Perri Gianluigi, Filippelli Sergio, Polito Angelo, Di Carlo Duccio, Albanese Sonia B, Carotti Adriano
Unit of Cardiac Surgery, Bambino Gesù Children's Hospital IRCCS, Rome, Italy.
Interact Cardiovasc Thorac Surg. 2013 Jun;16(6):808-13. doi: 10.1093/icvts/ivt098. Epub 2013 Mar 13.
To analyse the factors associated with in-hospital mortality and mid-term significant neoaortic valve regurgitation (AR) after truncal valve (TV) repair.
Eleven children underwent TV repair at our institution from July 1999 to March 2012. All children presented significant preoperative TV regurgitation. Valve anatomy was quadricuspid in 7 (64%) patients and tricuspid in 4 (36%). The median age and weight at surgery were 29.6 (range 0.3-173.2) months and 12 (range 2.2-49) kg, respectively. Repair included bicuspidalization through the approximation of two leaflets associated with triangular resection of the opposite one (n = 2, 18%), or either bicuspidalization or tricuspidalization of the TV through excision of one leaflet and related sinus of Valsalva (n = 9, 82%). In 3 patients, repair was associated with coronary detachment before cusp removal, followed by coronary reimplantation.

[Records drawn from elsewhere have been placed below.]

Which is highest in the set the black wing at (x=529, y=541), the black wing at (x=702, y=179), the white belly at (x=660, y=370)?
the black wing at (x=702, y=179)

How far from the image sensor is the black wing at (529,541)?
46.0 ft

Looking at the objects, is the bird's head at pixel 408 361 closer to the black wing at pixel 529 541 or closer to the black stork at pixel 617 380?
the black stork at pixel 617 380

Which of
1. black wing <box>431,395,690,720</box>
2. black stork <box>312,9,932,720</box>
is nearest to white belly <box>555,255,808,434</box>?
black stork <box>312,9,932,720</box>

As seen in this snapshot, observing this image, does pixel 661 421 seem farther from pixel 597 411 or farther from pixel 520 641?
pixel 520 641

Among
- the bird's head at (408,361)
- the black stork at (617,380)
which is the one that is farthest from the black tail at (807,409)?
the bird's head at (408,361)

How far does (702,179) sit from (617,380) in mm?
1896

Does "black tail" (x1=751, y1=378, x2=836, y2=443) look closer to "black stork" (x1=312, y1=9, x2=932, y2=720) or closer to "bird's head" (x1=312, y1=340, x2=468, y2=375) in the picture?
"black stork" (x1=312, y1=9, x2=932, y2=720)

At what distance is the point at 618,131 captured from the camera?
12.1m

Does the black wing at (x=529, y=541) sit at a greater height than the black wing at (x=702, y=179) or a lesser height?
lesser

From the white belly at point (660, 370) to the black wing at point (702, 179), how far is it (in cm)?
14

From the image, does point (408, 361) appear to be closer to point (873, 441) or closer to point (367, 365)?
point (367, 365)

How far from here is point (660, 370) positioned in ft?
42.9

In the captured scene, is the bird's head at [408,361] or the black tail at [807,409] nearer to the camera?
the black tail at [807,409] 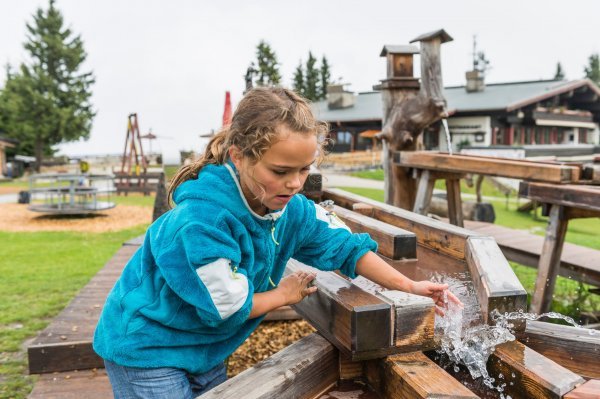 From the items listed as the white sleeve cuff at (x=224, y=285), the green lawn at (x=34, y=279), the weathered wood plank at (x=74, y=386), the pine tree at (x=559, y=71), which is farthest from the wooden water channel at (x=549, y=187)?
the pine tree at (x=559, y=71)

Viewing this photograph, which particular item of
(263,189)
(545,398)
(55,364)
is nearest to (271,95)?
(263,189)

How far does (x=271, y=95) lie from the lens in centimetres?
174

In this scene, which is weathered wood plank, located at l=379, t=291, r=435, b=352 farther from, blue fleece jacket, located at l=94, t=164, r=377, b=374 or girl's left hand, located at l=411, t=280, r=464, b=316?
blue fleece jacket, located at l=94, t=164, r=377, b=374

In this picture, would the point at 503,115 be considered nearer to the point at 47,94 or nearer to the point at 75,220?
the point at 75,220

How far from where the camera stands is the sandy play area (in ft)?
40.1

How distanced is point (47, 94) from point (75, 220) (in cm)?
2866

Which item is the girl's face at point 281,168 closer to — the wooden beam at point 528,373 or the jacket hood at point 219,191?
the jacket hood at point 219,191

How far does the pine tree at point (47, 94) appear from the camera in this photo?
3741 cm

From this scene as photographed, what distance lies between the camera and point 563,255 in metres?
5.77

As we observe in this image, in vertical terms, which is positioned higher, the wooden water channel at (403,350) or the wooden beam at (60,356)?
the wooden water channel at (403,350)

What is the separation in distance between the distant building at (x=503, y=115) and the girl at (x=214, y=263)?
1172 inches

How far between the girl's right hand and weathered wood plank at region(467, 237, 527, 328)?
23.2 inches

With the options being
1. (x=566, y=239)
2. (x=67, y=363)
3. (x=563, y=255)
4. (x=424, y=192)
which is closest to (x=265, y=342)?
(x=67, y=363)

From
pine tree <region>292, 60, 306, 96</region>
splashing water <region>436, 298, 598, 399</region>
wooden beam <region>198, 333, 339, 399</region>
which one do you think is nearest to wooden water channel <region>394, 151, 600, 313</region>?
splashing water <region>436, 298, 598, 399</region> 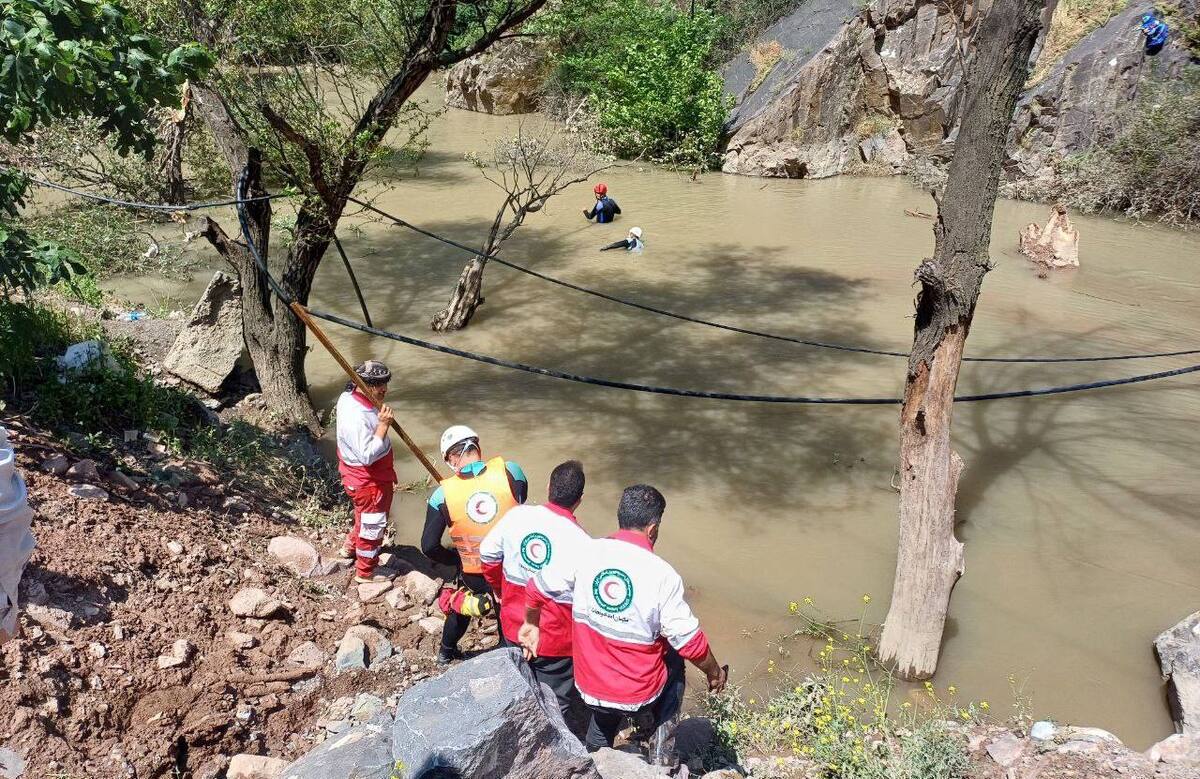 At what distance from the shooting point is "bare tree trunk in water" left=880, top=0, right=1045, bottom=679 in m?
5.21

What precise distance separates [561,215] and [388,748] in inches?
518

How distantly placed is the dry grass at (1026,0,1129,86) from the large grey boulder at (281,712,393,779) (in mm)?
17723

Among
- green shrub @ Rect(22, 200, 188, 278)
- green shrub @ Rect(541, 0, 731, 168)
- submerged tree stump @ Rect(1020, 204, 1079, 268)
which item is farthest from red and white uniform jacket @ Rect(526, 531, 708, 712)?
green shrub @ Rect(541, 0, 731, 168)

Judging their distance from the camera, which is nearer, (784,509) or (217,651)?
(217,651)

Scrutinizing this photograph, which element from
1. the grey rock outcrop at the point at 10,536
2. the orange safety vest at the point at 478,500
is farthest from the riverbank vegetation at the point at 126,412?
the grey rock outcrop at the point at 10,536

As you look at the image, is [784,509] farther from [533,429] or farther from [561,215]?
[561,215]

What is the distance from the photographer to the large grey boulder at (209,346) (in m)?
7.82

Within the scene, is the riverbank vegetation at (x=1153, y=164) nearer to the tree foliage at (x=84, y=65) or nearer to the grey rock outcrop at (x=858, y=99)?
the grey rock outcrop at (x=858, y=99)

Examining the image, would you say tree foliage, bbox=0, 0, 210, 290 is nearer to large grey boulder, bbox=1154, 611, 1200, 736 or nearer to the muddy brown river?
the muddy brown river

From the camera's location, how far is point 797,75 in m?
18.2

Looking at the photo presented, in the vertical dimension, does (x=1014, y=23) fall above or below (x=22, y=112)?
above

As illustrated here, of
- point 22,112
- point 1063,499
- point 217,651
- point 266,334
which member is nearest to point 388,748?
point 217,651

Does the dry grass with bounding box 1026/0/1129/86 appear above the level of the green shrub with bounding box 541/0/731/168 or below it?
above

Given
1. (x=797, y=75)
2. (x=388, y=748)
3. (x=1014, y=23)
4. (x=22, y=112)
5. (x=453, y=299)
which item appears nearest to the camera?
(x=388, y=748) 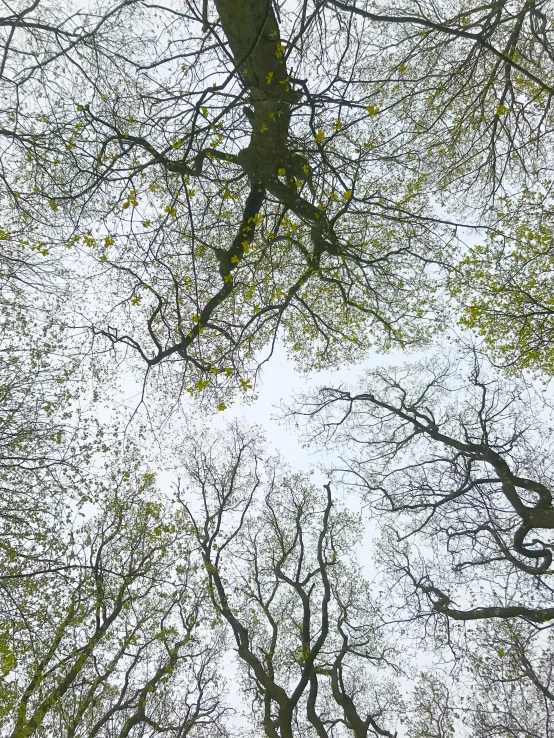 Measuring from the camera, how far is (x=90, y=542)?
10516mm

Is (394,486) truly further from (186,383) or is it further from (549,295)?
(186,383)

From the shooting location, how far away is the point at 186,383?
7148 mm

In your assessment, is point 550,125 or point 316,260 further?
point 550,125

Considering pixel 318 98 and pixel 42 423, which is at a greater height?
pixel 318 98

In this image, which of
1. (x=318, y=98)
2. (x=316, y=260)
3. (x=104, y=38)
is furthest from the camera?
(x=316, y=260)

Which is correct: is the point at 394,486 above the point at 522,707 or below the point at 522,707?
above

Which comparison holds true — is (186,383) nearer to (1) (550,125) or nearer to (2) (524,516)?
(2) (524,516)

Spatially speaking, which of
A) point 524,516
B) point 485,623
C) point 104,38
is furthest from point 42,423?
point 485,623

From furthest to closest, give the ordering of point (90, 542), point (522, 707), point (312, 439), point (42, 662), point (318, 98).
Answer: point (522, 707) → point (312, 439) → point (90, 542) → point (42, 662) → point (318, 98)

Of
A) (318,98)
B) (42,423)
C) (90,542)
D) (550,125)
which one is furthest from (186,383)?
(550,125)

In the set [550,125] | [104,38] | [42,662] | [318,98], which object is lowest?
[42,662]

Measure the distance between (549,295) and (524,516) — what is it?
3970mm

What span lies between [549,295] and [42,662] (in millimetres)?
10443

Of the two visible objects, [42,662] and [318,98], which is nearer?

In-hospital death occurred in 2 (18%) patients. Factors associated with hospital mortality were age <1 year (P = 0.05), weight <3 kg (P = 0.02) and longer cross-clamping time (P = 0.008). Follow-up was complete for all patients [median follow-up time: 52.2 (range 132.2-2.5) months]. Mid-term significant AR occurred in 4 patients (45%, moderate in 2 and severe in 2). One with severe AR underwent successful valve replacement 4 months postoperatively, leading to freedom from reintervention of 91%. Freedom from significant AR was 76.2 (33.2-93.5) and 60.9 (20.2-85.6) at 1 and 2 years, respectively. There was a trend towards longer freedom from mid-term significant AR for patients who underwent cusp removal compared with those who did not (P = 0.07).
TV repair in children can be performed safely with fairly good and durable results. Cusp removal might decrease the rate of severe AR on mid-term follow-up.
分析与法洛四联症(TV)修复术后院内死亡率及中期严重新主动脉瓣反流(AR)相关的因素。
1999年7月至2012年3月,11例儿童在我院接受TV修复术。所有儿童术前均存在严重的TV反流。7例(64%)患者瓣膜解剖结构为四叶式,4例(36%)为三叶式。手术时的中位年龄和体重分别为29.6(范围0.3 - 173.2)个月和12(范围2.2 - 49)千克。修复方法包括通过将两个瓣叶靠拢并对相对的瓣叶进行三角形切除来形成双叶瓣(n = 2,18%),或通过切除一个瓣叶及相关的主动脉窦来对TV进行双叶瓣化或三叶瓣化(n = 9,82%)。3例患者在瓣叶切除前进行了冠状动脉游离,随后进行冠状动脉再植入。
2例(18%)患者在院内死亡。与院内死亡率相关的因素为年龄<1岁(P = 0.05)、体重<3千克(P = 0.02)和较长的主动脉阻断时间(P = 0.008)。所有患者均完成随访[中位随访时间:52.2(范围132.2 - 2.5)个月]。4例患者(45%)出现中期严重AR,其中2例为中度,2例为重度。1例重度AR患者在术后4个月成功进行了瓣膜置换,免于再次干预的比例为91%。1年和2年时免于严重AR的比例分别为76.2(33.2 - 93.5)和60.9(20.2 - 85.6)。与未进行瓣叶切除的患者相比,进行瓣叶切除的患者中期免于严重AR的时间有延长趋势(P = 0.07)。
儿童TV修复术可安全进行,效果良好且持久。瓣叶切除可能会降低中期随访时严重AR的发生率。